UAE considers imposing tax on remittances abroad - sources
DUBAI/ABU DHABI, Sept 27 (Reuters) - The United Arab Emirates is considering whether to impose a tax on the billions of dollars which foreign guest workers send back to their home countries every year, government and banking sources said on Friday.
It is unclear whether authorities will proceed with the tax, which would mark a major shift of policy, potentially raising costs in the economy and reducing the supply of foreign labour on which much of the UAE's boom is based.
But the proposal reflects growing concern in the UAE and other oil-rich Gulf countries that they may be becoming too dependent on foreign workers and are losing too much of their wealth in the form of remittances abroad.
A circular discussing the proposal and requesting feedback was sent to some banks and financial institutions in the UAE, the sources said, speaking on condition of anonymity because of the sensitivity of the subject.
"It is a pilot project, in the initial stages. Based on the feedback from banks and others, a decision will be taken," said a Ministry of Finance source.
Official comment from the ministry could not be obtained.

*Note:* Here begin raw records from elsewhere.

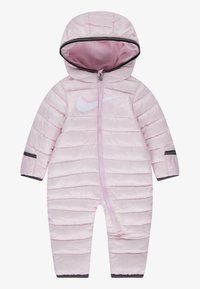 Rozā pūkains sniega uzvalks ar kapuci, ar horizontālu kviltētu dizainu, izteiktu balto logotipu un melniem apakšmalu un rāvējslēdzēja apdari.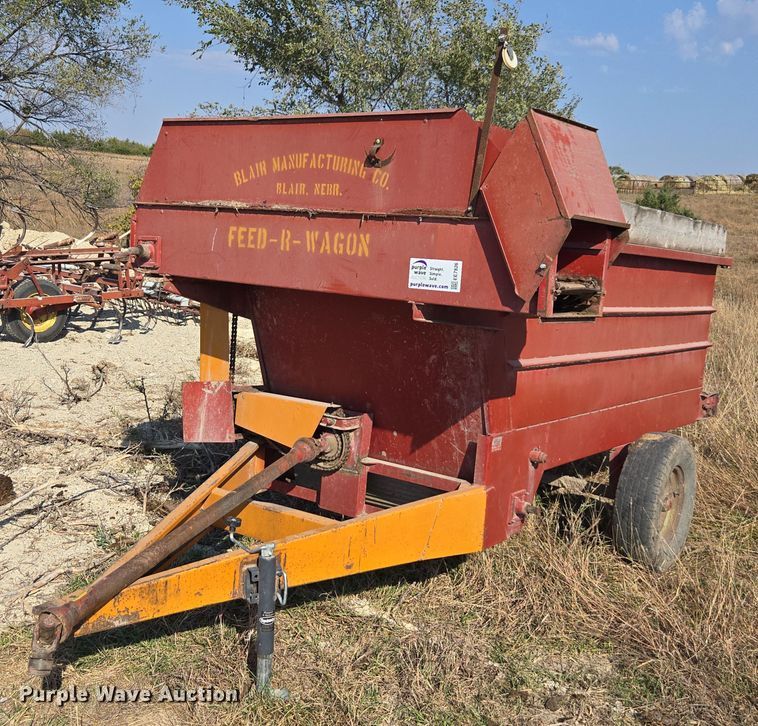Kelly Ryan Feed-R-Wagon feed mixer - EE7826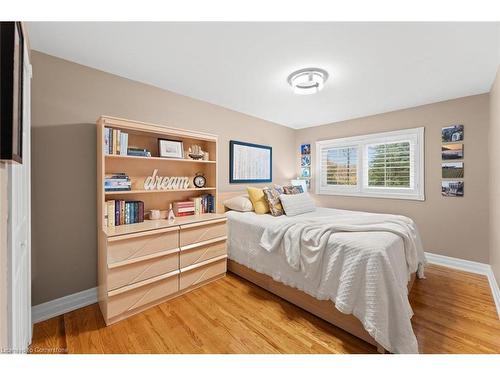 1639 Glen Rutley Circle, Mississauga, ON - Indoor Photo Showing Bedroom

About 80 percent of the population of roughly 8 million in the UAE, the second biggest Arab economy, are foreign citizens, many of them from south and southeast Asia. They fill almost all strenuous or relatively low-paying jobs in industries such as construction and services.
Employees in the UAE transferred a net 45.1 billion dirhams ($12.3 billion) out of the country last year, up from 41.2 billion dirhams a year earlier, according to central bank data.
NO INCOME TAX
The UAE's efforts to diversify its economy beyond oil have been built partly on its low-tax environment - there is no income tax - so many bankers believe it will hesitate to introduce any heavy taxes.
"Remittances are key for expats in the UAE. A lot of them come here to support families back home," said one commercial banker.
"If regulations block that, the attractiveness of regions such as Dubai will be under threat. So we expect any such levies to be nominal, if they are imposed at all."
However, Gulf countries have become concerned about the vulnerability of their economies since the global financial crisis caused oil prices to plunge in 2008 and the Arab Spring uprisings hit governments elsewhere in the region during 2011.
The UAE posted a massive surplus of trade in goods and services of 244.4 billion dirhams last year, but that could quickly change if oil prices fall sharply again, making it difficult for the country to afford large outflows of money.
So officials in the Gulf have been trying to boost employment of their own citizens rather than lower-cost foreigners. The UAE's prime minister, Sheikh Mohammed bin Rashid al-Maktoum, said earlier this year that finding jobs for UAE citizens was one of the government's top priorities.
Saudi Arabia has launched a crackdown on illegal foreign workers and some officials have spoken of controlling remittances abroad, though no major new policies to restrict fund flows have been introduced. Senior officials in Kuwait and Oman have complained that too much money is flowing out in the form of foreign workers' salaries.
Abu Dhabi, the biggest emirate in the UAE, is believed to run a comfortable budget surplus but the second biggest emirate Dubai, which is coping with the aftermath of its 2009-2010 corporate debt crisis, might welcome extra revenue from a remittance tax.